However, these inexpensive radar chips do have a disadvantage: They only have one antenna, which both sends out signals and receives the reflected radar signals. With this configuration, only objects that are directly hit by the radar beam are visible. This means that the reading is only one‑dimensional, which is not enough to locate obstacles.
Signal processing opens up new dimensions
Bernhard’s team used a trick to create a two-dimensional image from the one-dimensional readings. The project leader explains: »Similar to a laser scanner, which scans different points on a surface, we combine several reflections from different perspectives.«
The different perspectives occur almost spontaneously when the radar sensor is moved, for instance when someone wearing a prosthetic limb equipped with a sensor moves. Generating different perspectives is much more complicated when it comes to the sensor integrated into a wheelchair. Here, a mirror helps to direct the radar beam this way and that. With the different readings generated, an algorithm developed by Fraunhofer IPA creates a 2D image of the surrounding, which can be used to precisely locate the obstacle down to a few centimeters.
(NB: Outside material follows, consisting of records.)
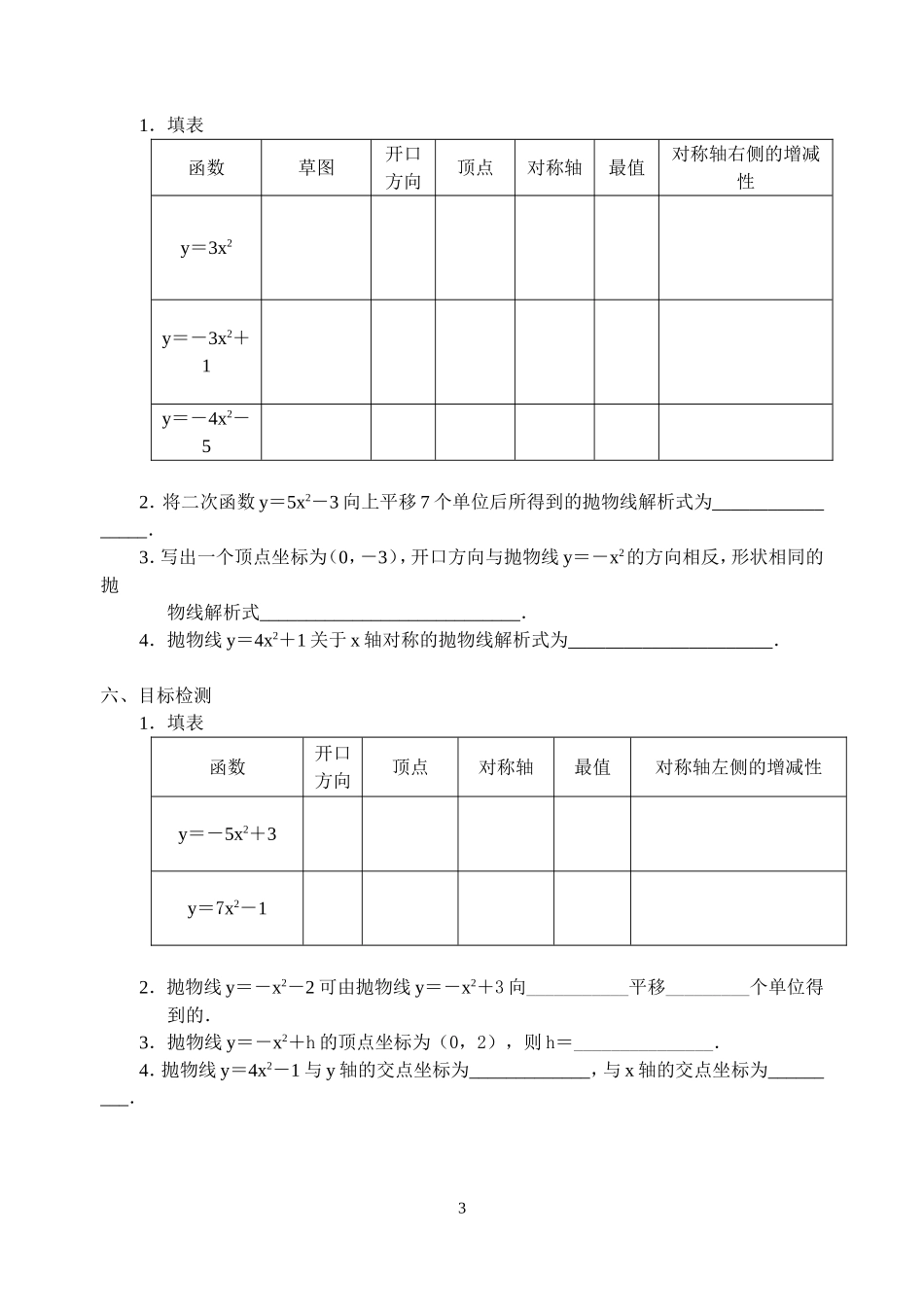 22.3 二次函数导学案.doc_第3页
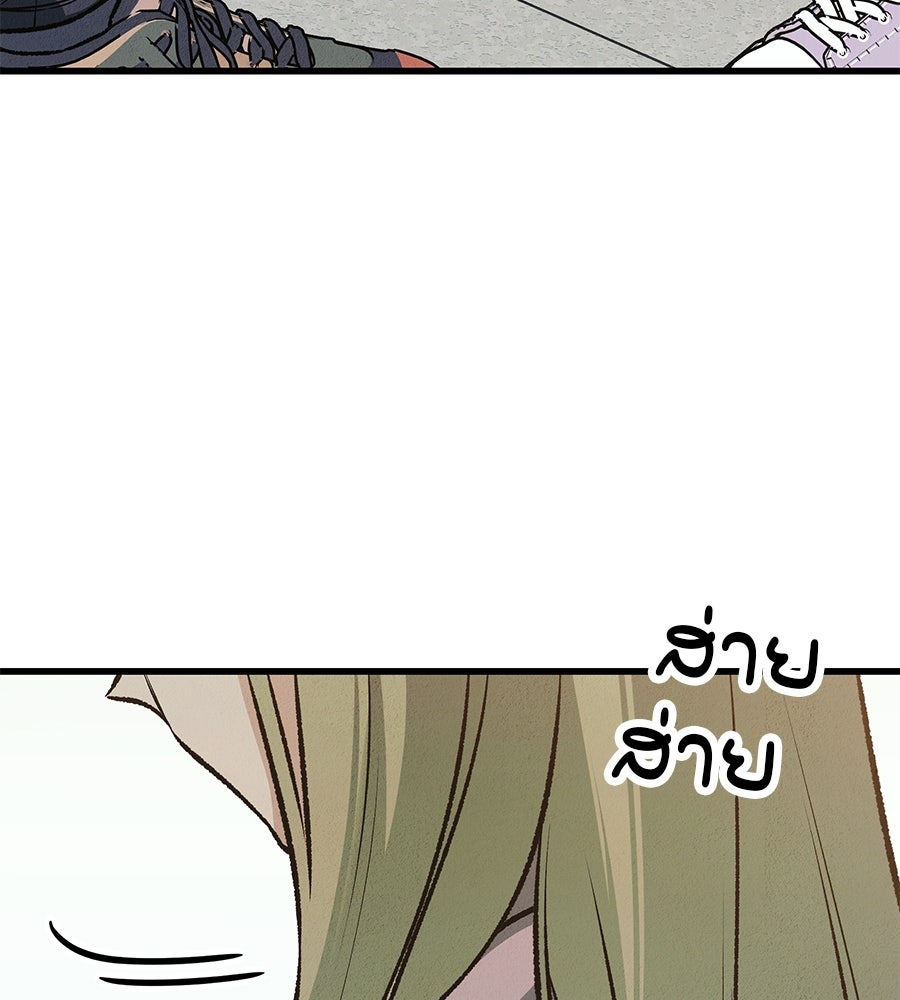 ไกลแค่ไหน ถึงใจเธอ? - หน้า 38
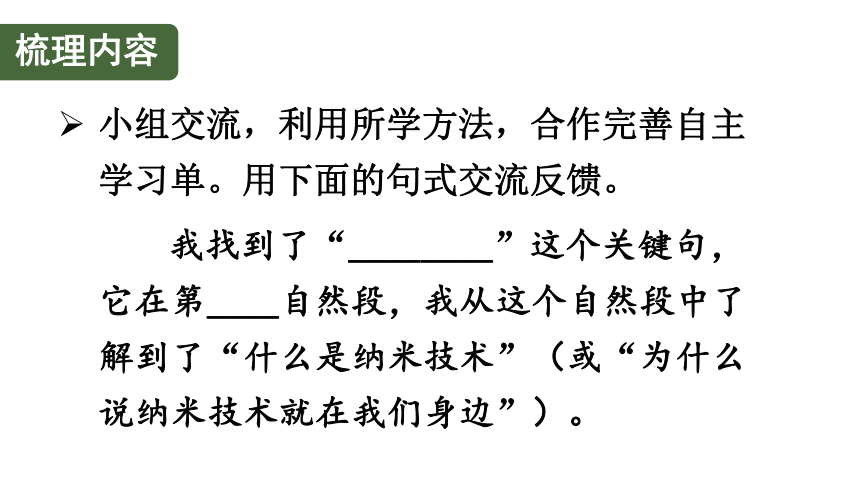 7 纳米技术就在我们身边   课件（2课时 40张PPT)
The experts at Fraunhofer IPA have already patented the procedure. Together with Icelandic company Össur, a leading prosthesis manufacturer, they are now exploring how electronic control of leg prostheses can be improved using the radar images. In a research project with the Human Engineering Research Laboratories HERL of the University of Pittsburgh in America, Fraunhofer engineers are developing an intelligent wheelchair with movable wheel joints that can even overcome stairs.